Demand for TiO2 raw materials is spurring mining companies to develop new supplies. Rio Tinto Group, which was the biggest producer of titanium-dioxide feedstock in 2008 according to TZ Minerals data, and Australia’s Iluka are expanding mines and building new operations.
Rio is spending C$800 million ($771 million) over five years to sustain and extend the life of its mine in Lac Allard in Quebec, Canada. The London-based company is also conducting a $60 million study to consider expanding four mines in South Africa, Canada, Madagascar and Mozambique.
The study “is a very huge project, even in the Rio Tinto sense,” Jean-Francois Turgeon, a managing director at Rio Tinto Iron & Titanium, said at the Hong Kong conference. The project is in its early stages and, if successfully implemented, would bring on new output in 2017, Turgeon said. Increasing supply “is not going to happen tomorrow,” he said.
Tronox agreed Sept. 26 to sell a 38.5 stake in itself to South Africa’s Exxaro Resources Ltd. to gain controlling interests in operations that will give it more raw materials.
Kenmare Resources Plc, a Dublin-based mineral-sands producer in Mozambique, is spending $300 million to expand production of ilmenite, another mineral containing titanium. Kenmare appears to be the only producer “increasing significant capacity next year,” said Jeremy Dibb, a mining analyst at Cannacord Genuity Ltd. in London.
It’s not just raw-material supplies that are helping TiO2 prices advance. The pigment is also in tight supply after processing plants were shut during the global recession that began in 2008, allowing producers such as DuPont and Huntsman to pass on higher costs.
TiO2 makers won’t keep accepting higher prices for raw materials, Dibb said.
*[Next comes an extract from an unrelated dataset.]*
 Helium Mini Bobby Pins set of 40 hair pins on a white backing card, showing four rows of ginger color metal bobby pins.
“Feedstock producers need to improve profitability, but now the pigments people are saying the increases have gone far enough,” he said.
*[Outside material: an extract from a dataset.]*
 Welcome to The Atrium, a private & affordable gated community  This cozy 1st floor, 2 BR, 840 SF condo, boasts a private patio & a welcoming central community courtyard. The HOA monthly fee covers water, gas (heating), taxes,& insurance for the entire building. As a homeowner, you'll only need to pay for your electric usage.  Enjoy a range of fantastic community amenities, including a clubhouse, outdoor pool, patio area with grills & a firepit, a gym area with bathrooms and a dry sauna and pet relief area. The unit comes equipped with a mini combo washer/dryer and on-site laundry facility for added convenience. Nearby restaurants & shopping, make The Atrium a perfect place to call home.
More expensive TiO2 is making buyers such as Saudi Basic Industries Corp., which is also known as Sabic and is the world’s largest petrochemicals maker, look for ways to reduce usage. Dow Chemical Co. is accelerating the roll-out of Evoque, a new polymer that it says allows paintmakers to cut TiO2 use by 20 percent without sacrificing a paint’s ability to mask the background color of a wall or fence.
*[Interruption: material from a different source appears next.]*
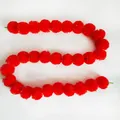 Vue détaillée de la guirlande de souci artificielle rouge vif pour décoration - N°4 Rouge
“There’s profit compression along the supply chain,” Jim Wilkerson, a global category manager at Sabic, said in an interview in Hong Kong.
Tronox’s Casey said in a Nov. 15 presentation that a tighter lending policy in China is exacerbating seasonally weak TiO2 demand in the current quarter. Tronox plans to use the period of softer demand to build up TiO2 inventories ahead of an anticipated increase in demand in 2012, he said.
TiO2 prices may fall 15 percent in 2012 because of a global economic slowdown, Warsaw-based ING Groep NV analyst Adam Milewicz said last week.
A 15 percent decline is unlikely amid rising ore prices because the highest-cost pigment producers would become unprofitable, said Hassan Ahmed, a New York-based analyst at Alembic Global Advisors.
“We find it hard to believe that TiO2 prices would decline in the face of rising ore prices,” Ahmed said in a Nov. 18 note.
Rising TiO2 prices are having a trickle-down effect. Gross profit margins at Sherwin Williams Co., the largest U.S. paintmaker, have contracted for six straight quarters on a year-on-year basis. The Netherlands’ Akzo Nobel NV, the world’s largest paintmaker, said last month it will restructure its house-paint unit because of rising ingredient costs and weak construction markets in the U.S. and Europe.
“TiO2 is a major component of the cost of a can of paint, and the paintmakers are getting squeezed because they can find it quite hard to pass those costs along,” Ian Davenport, president of Davenport International Associates LLC, a New York-based consultant, said in a telephone interview. “The price of paint will continue to rise.”